Benefit Britain 1949: Episode 2

This episode left me in tears. I had been very naive to think that immigrants in the 1940’s would have been treated as they are today. The episode certainly revealed some home truths to how well we treat all races in today’s society.

Migrant, Patson, from Zimbabwe, came to England to save himself from a life of torture back home. He told how he had been abused and lost friends due to abuse in his country. However, his life in 1949 would have been very difficult. He was left homeless after the Welfare Office told him that only people born in Britain were allowed a home. He was told he should be grateful that he had been given £7.40 for a week, and a job.

The welfare office sent him to a hostel, which in 1949 only allowed 10% of its rooms to house migrants. All the beds had been taken and he was forced to sleep on the streets. At this point, tears were streaming down my face, of course I knew racism existed both then and now, but I never thought there could be such strong, institutionalised racism.

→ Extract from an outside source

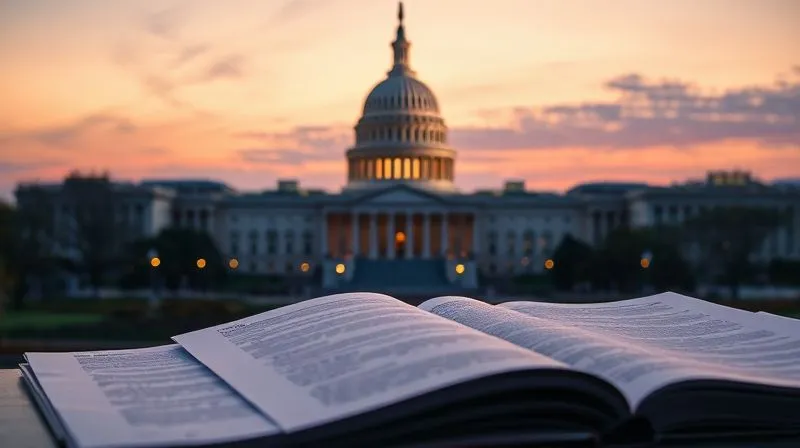 A photorealistic image depicting the U.S. Capitol Building at dawn, with legislative documents subtly highlighted in the foreground, representing the intricate process of lawmaking and oversight. Cinematic lighting, sharp focus, depth of field, 8K hyper-detailed, professional photography.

Other victims of 1949’s benefits system, were single-parents. 25-year-old Nichola had two young children, and in 2013 she was top of the governments priority. In 1949 single-parent mothers were shunted because sex before marriage was considered sinful. Therefore, she was evicted from her council flat and was put into emergency accommodation. Later, it was suggested that her children went into care, and she got herself a job. She said: “Then being proposed for them to go into care, that broke me.” She was considered a ‘charity’ case and forced to live with a vicar and his family in the local vicarage. Nichola said that women were treated badly in 1949, for having children and trying to provide for them. She said: “It shocked me to be told that I don’t deserve a council place because I’m not with the father of my children.”

It was not all doom and gloom though, Matt and Heidi, lived in an untidy and dirty three-bed council house. In 1949 they were on the”unsatisfactory” list for council house tenants. Heidi was disgusted that people could judge her and her home and said there was nowhere to put the mess away. In 1949 rehabilitation officers came in and helped them sort out their home. Friends and neighbours came together to support the couple and their children. Matt and Heidi were shocked at how much 1949 welfare officers supported families. the sense of togetherness helped them get their home back on track. Speaking about the process, Heidi said: “Benefits have just kept going up, and while that’s nice to have money in the back of your pocket, for me its not encouraged me to go out and work. its made me feel like a scrounger.” Heidi said that suitability was more important and that Nichola and Patson were more worthy than her.

Perhaps, this programme taught us that single parents and immigrants need support more than two parent families, where one member of the family could be earning. It is debatable that the 1949 system would have worked in today’s society, but it is necessary to change the benefits system to help those in greater need, rather than helping and providing for everyone.